What if you could capture pollution off a smokestack and turn it into a polyester dress, jet fuel or high-end running shoes? That’s something that Oak Ridge National Lab scientists have been working on and it’s already hitting stores. Oak Ridge National Laboratory and LanzaTech, a biotechnology company, have created a synthetic bacterium that eats industrial pollution and secretes useful chemicals as waste.

Those chemicals can then be converted into a variety of products like footwear, fuel, fabric and plastic containers. “Once you have short carbon chains, your ethanol chains, isopropanol chains, you can take those and basically turn them into anything,” said Timothy Tschaplinski, head of biodesign and systems biology for Oak Ridge National Lab. “Now it’s not coming from fossil fuel.”
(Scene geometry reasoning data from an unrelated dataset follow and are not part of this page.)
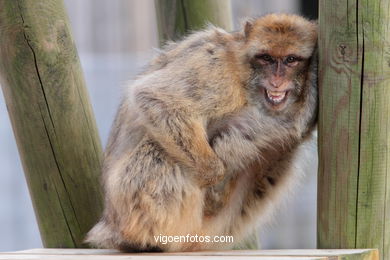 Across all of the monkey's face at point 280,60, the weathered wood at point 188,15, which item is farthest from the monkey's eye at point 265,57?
the weathered wood at point 188,15

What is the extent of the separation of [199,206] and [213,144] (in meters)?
0.37

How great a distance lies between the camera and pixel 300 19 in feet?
16.2

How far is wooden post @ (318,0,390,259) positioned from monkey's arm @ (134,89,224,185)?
24.8 inches

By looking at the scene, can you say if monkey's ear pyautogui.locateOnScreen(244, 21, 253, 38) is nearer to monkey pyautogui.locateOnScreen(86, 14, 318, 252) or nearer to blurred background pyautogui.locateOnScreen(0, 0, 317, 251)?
monkey pyautogui.locateOnScreen(86, 14, 318, 252)

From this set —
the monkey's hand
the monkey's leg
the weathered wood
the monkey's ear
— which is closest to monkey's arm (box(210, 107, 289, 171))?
the monkey's hand

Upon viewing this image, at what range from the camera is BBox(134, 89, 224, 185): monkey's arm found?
185 inches

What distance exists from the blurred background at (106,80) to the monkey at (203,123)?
5421 millimetres

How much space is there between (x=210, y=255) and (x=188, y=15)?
2.01 metres

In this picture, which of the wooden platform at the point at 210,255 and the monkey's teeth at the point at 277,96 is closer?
the wooden platform at the point at 210,255

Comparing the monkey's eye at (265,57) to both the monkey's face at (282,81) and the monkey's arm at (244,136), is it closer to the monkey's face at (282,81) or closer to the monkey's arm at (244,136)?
the monkey's face at (282,81)

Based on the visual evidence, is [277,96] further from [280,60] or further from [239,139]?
[239,139]

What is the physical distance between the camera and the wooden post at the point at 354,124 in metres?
4.25

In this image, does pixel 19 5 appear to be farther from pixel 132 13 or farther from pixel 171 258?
pixel 132 13

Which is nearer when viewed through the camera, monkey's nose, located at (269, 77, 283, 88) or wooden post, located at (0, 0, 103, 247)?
monkey's nose, located at (269, 77, 283, 88) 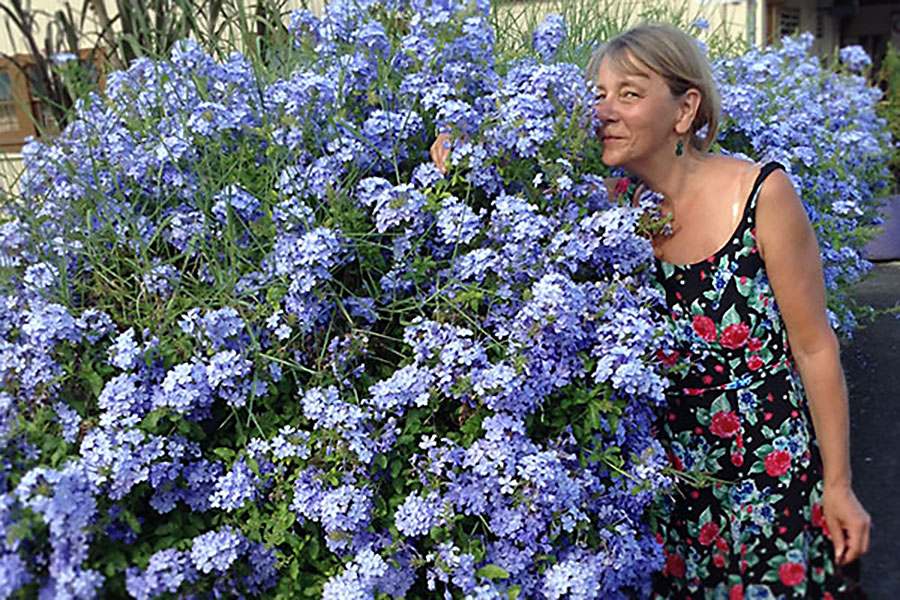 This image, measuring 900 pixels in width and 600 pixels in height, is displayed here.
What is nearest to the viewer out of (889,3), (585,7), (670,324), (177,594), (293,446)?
(177,594)

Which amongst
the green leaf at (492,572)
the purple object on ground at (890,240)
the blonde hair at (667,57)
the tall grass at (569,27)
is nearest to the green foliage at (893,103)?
the purple object on ground at (890,240)

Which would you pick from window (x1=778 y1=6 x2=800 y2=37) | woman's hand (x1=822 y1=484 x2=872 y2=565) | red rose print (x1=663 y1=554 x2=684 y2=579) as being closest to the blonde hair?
woman's hand (x1=822 y1=484 x2=872 y2=565)

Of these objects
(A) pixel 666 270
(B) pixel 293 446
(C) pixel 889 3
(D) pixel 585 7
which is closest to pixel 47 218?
(B) pixel 293 446

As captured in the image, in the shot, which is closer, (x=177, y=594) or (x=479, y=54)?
(x=177, y=594)

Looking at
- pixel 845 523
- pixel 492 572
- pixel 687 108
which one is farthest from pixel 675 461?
pixel 687 108

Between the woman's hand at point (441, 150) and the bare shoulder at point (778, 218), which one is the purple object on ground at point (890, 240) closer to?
the bare shoulder at point (778, 218)

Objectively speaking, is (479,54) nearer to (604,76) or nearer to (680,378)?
(604,76)

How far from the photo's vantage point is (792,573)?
6.12 ft

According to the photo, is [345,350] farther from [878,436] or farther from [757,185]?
[878,436]

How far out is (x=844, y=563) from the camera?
6.02 feet

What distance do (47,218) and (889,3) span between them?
11.8 metres

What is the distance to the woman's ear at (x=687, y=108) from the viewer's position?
2.00m

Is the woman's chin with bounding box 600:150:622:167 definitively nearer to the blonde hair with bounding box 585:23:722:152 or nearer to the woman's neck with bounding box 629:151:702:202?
the woman's neck with bounding box 629:151:702:202

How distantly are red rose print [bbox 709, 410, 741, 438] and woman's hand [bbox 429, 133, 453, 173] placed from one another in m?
0.82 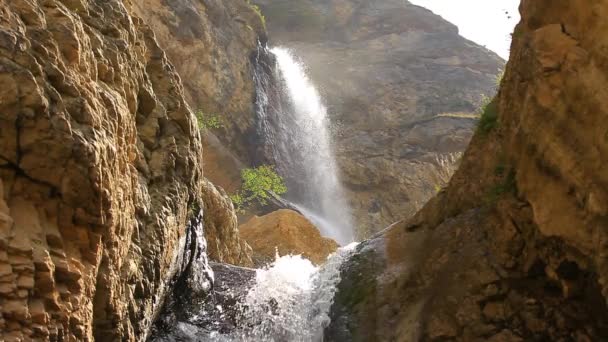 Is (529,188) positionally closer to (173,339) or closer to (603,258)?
(603,258)

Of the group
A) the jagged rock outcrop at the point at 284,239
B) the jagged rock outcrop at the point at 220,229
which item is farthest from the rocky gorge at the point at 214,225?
the jagged rock outcrop at the point at 284,239

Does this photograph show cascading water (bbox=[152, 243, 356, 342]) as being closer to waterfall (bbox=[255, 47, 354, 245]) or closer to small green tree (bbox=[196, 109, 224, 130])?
small green tree (bbox=[196, 109, 224, 130])

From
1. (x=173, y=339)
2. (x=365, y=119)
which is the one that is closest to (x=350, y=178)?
(x=365, y=119)

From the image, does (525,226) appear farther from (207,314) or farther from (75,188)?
(207,314)

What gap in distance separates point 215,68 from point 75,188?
27.3m

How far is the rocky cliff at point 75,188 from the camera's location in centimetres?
521

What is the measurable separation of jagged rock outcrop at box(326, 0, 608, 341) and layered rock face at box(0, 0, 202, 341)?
4.46 meters

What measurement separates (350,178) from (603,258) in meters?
32.6

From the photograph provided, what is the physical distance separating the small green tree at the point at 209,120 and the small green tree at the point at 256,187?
3.45m

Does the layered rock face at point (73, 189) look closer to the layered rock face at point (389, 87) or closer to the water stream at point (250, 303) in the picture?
the water stream at point (250, 303)

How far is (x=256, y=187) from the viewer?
2873 centimetres

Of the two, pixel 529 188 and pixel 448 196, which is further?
pixel 448 196

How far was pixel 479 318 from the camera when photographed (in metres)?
7.79

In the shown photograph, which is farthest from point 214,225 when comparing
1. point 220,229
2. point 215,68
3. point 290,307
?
point 215,68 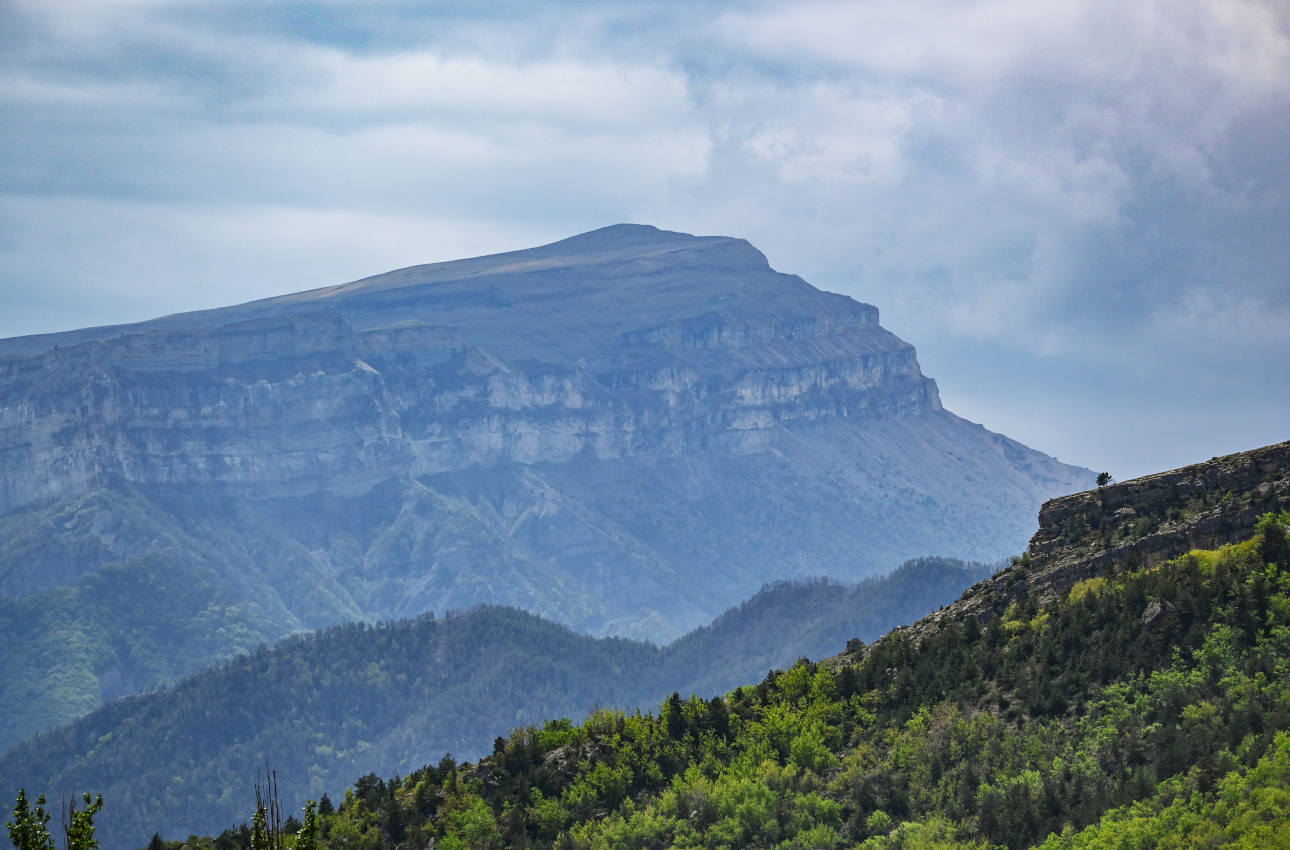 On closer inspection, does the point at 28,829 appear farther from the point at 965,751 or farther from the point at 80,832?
the point at 965,751

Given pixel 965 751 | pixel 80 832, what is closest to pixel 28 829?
pixel 80 832

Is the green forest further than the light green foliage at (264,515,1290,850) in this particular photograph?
No

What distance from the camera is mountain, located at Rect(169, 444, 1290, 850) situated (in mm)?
102375

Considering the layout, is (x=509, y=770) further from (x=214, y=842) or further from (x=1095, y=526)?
(x=1095, y=526)

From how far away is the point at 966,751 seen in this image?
11488 cm

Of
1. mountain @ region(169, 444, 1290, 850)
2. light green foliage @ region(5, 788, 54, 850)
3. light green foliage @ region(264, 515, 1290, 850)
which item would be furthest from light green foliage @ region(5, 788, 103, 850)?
light green foliage @ region(264, 515, 1290, 850)

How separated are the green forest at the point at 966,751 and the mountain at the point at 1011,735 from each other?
0.16 meters

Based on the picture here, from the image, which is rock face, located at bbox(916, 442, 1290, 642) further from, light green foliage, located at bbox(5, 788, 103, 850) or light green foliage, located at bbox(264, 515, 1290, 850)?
light green foliage, located at bbox(5, 788, 103, 850)

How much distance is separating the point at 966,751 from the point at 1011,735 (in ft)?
9.23

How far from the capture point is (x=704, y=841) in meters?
116

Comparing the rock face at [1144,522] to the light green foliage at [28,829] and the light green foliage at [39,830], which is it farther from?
the light green foliage at [28,829]

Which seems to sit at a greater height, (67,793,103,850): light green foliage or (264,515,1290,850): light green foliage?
(67,793,103,850): light green foliage

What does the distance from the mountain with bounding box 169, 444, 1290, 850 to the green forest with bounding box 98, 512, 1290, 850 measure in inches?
6.5

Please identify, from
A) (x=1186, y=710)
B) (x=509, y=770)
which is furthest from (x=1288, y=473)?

Typically plastic, synthetic fabric, dye and fuel require base chemicals derived from fossil fuels. Recapturing waste carbon reduces the need for fossil fuels across the whole supply chain. Brands like On running shoes are already trying to make the switch, restructuring products out of pollution-derived carbon. “It’s a win-win situation” Caspar Coppetti, co-founder and executive co-chairman of On, said in a statement. “We are capturing emissions before they pollute our atmosphere and are at the same time moving away from fossil-based materials.”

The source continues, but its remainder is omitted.